Work instructions – Two lines below mark the span: the one containing "San Antonio, Texas" and the one containing "Guess GUGW0747L1 Quartz". Set down both, plus every line between, exactly as they stand, and nothing else.

Saved entries
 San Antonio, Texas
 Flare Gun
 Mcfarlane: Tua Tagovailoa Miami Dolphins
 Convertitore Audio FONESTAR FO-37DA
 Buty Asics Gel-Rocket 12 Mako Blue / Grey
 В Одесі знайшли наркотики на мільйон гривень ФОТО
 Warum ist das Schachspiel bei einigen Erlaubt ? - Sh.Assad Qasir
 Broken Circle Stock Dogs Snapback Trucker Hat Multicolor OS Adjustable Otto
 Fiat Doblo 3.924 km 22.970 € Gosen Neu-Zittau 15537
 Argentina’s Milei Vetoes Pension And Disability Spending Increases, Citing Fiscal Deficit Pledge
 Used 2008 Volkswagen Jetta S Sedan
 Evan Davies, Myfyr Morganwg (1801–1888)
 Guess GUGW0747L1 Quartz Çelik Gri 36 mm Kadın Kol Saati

--

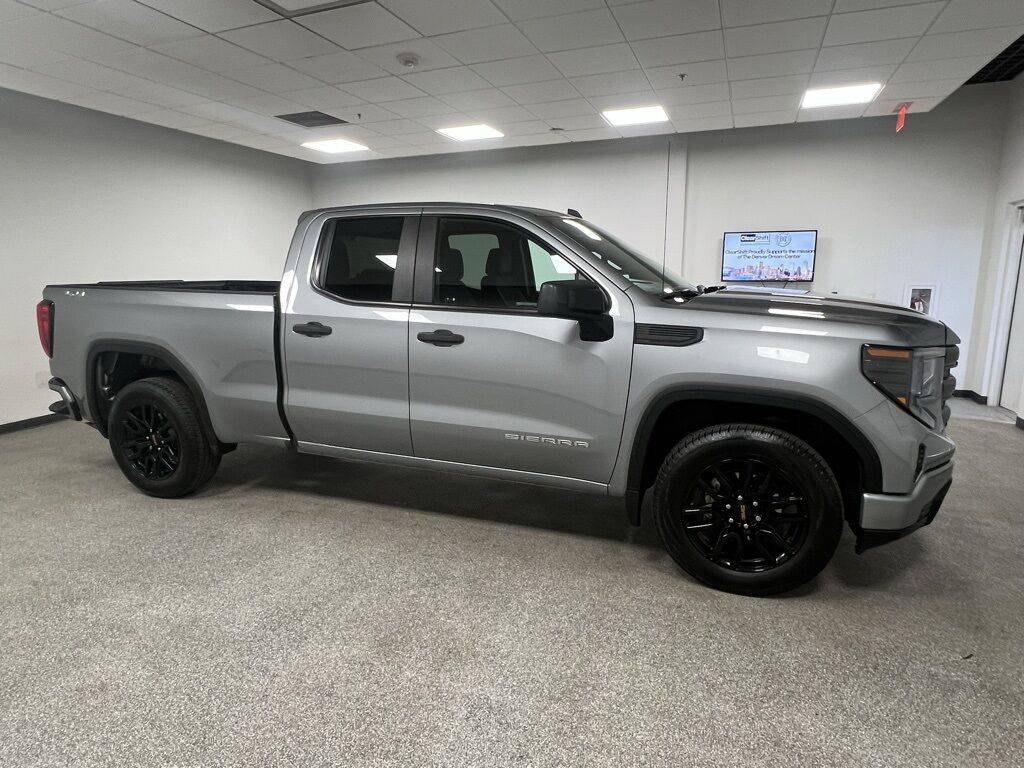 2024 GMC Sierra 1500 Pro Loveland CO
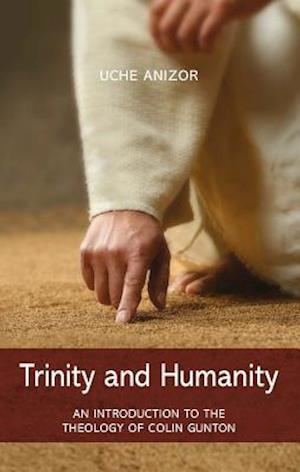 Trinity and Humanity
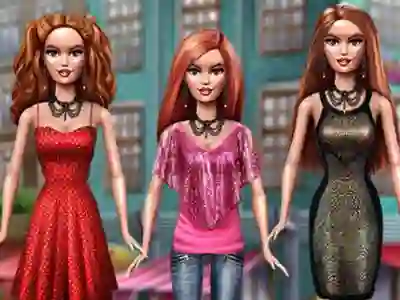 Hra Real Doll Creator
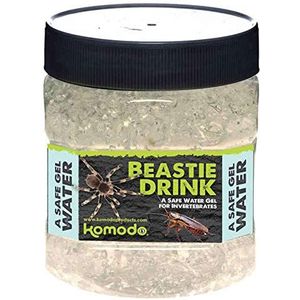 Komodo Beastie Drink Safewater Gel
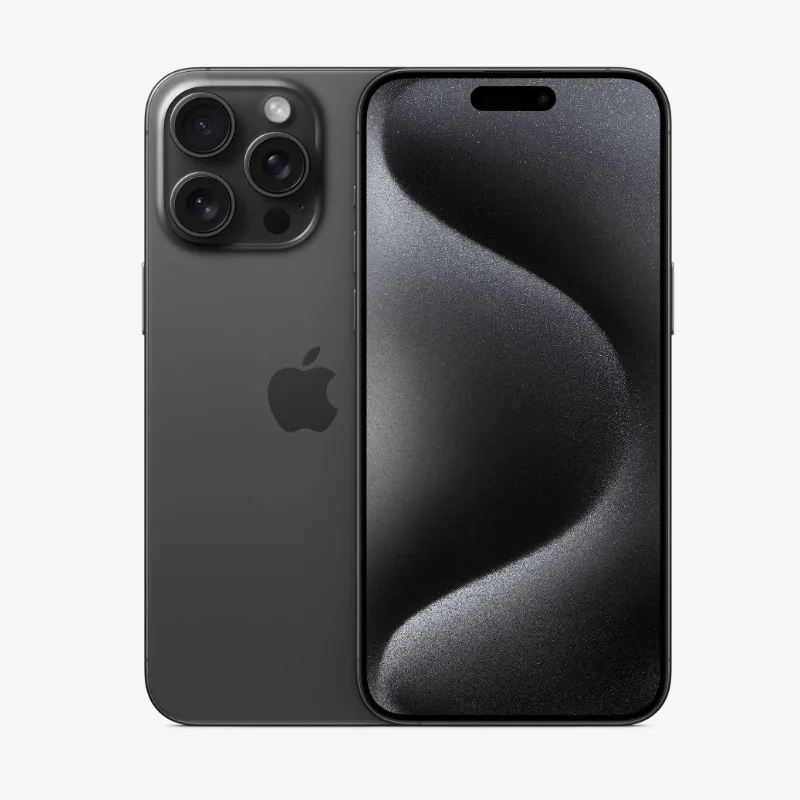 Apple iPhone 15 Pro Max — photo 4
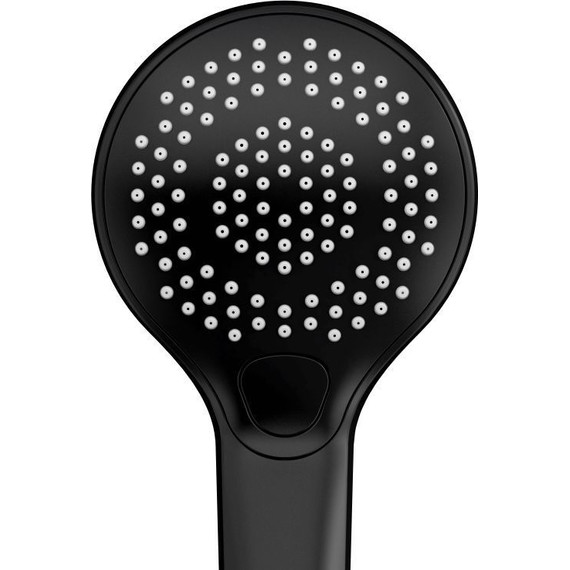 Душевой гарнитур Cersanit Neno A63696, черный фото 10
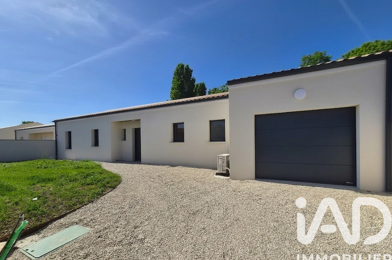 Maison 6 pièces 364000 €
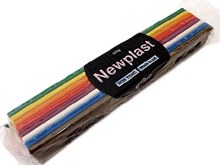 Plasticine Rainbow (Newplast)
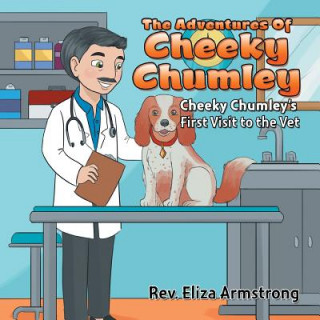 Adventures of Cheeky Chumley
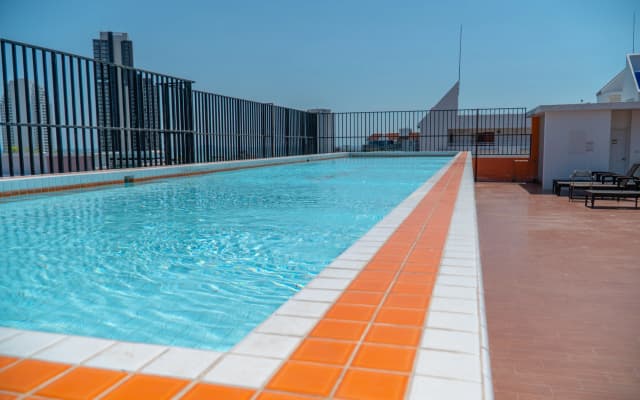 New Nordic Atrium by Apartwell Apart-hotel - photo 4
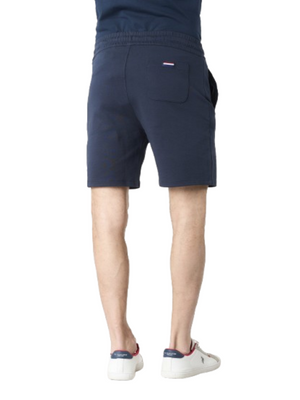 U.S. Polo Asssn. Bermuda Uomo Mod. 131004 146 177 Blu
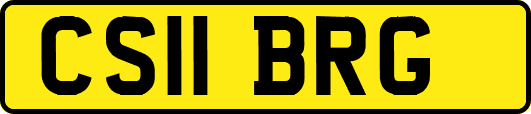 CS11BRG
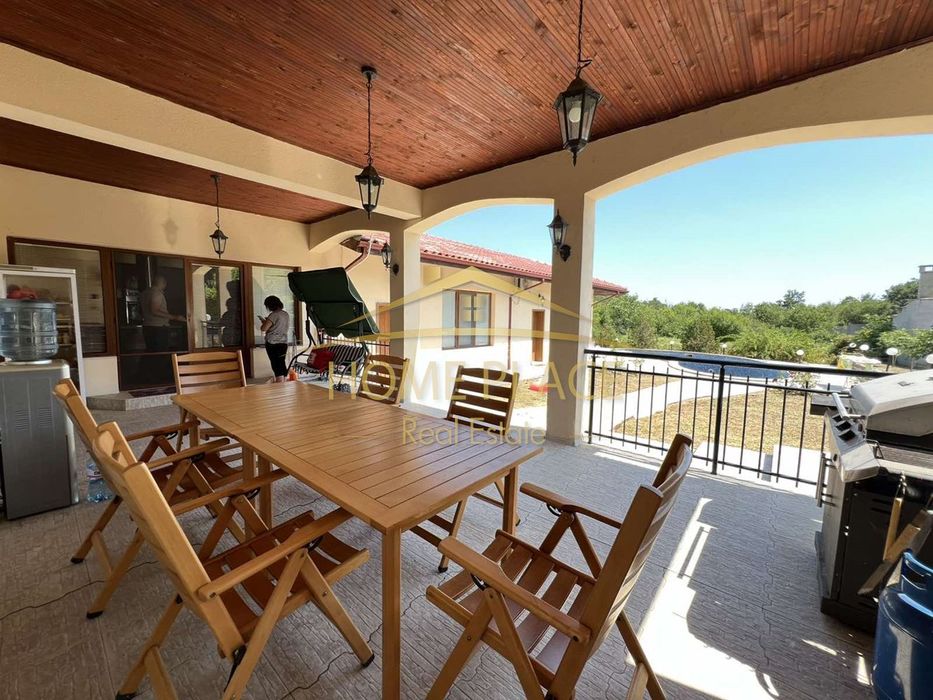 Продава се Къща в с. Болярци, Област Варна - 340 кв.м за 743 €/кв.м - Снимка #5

...

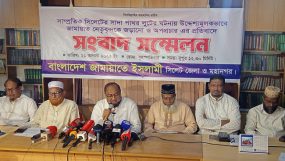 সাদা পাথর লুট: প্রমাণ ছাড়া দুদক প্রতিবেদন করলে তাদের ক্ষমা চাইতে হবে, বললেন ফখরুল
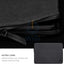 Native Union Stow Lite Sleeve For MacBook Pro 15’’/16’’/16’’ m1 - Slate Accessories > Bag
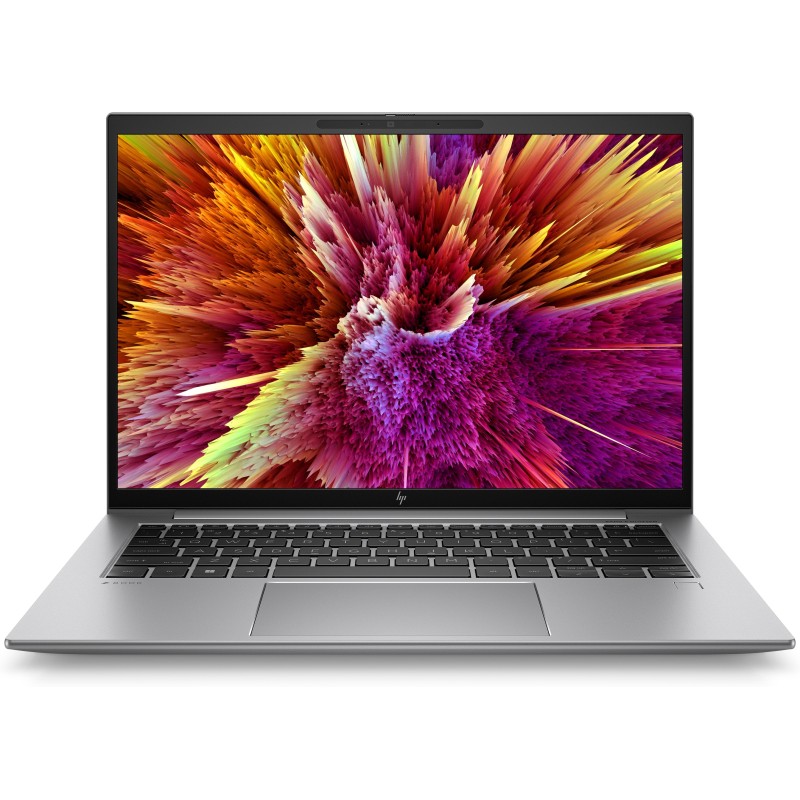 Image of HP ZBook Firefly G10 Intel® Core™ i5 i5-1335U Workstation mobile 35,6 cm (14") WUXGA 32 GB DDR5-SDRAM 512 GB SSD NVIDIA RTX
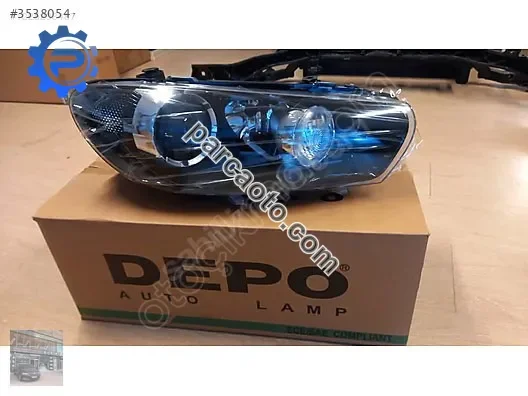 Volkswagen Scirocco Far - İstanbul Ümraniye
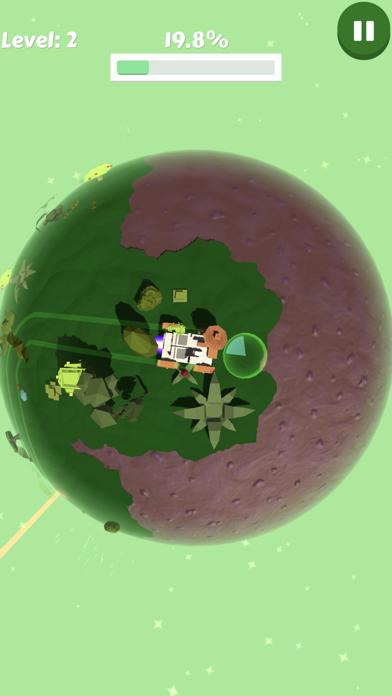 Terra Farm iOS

Your solution –
 San Antonio, Texas
 Flare Gun
 Mcfarlane: Tua Tagovailoa Miami Dolphins
 Convertitore Audio FONESTAR FO-37DA
 Buty Asics Gel-Rocket 12 Mako Blue / Grey
 В Одесі знайшли наркотики на мільйон гривень ФОТО
 Warum ist das Schachspiel bei einigen Erlaubt ? - Sh.Assad Qasir
 Broken Circle Stock Dogs Snapback Trucker Hat Multicolor OS Adjustable Otto
 Fiat Doblo 3.924 km 22.970 € Gosen Neu-Zittau 15537
 Argentina’s Milei Vetoes Pension And Disability Spending Increases, Citing Fiscal Deficit Pledge
 Used 2008 Volkswagen Jetta S Sedan
 Evan Davies, Myfyr Morganwg (1801–1888)
 Guess GUGW0747L1 Quartz Çelik Gri 36 mm Kadın Kol Saati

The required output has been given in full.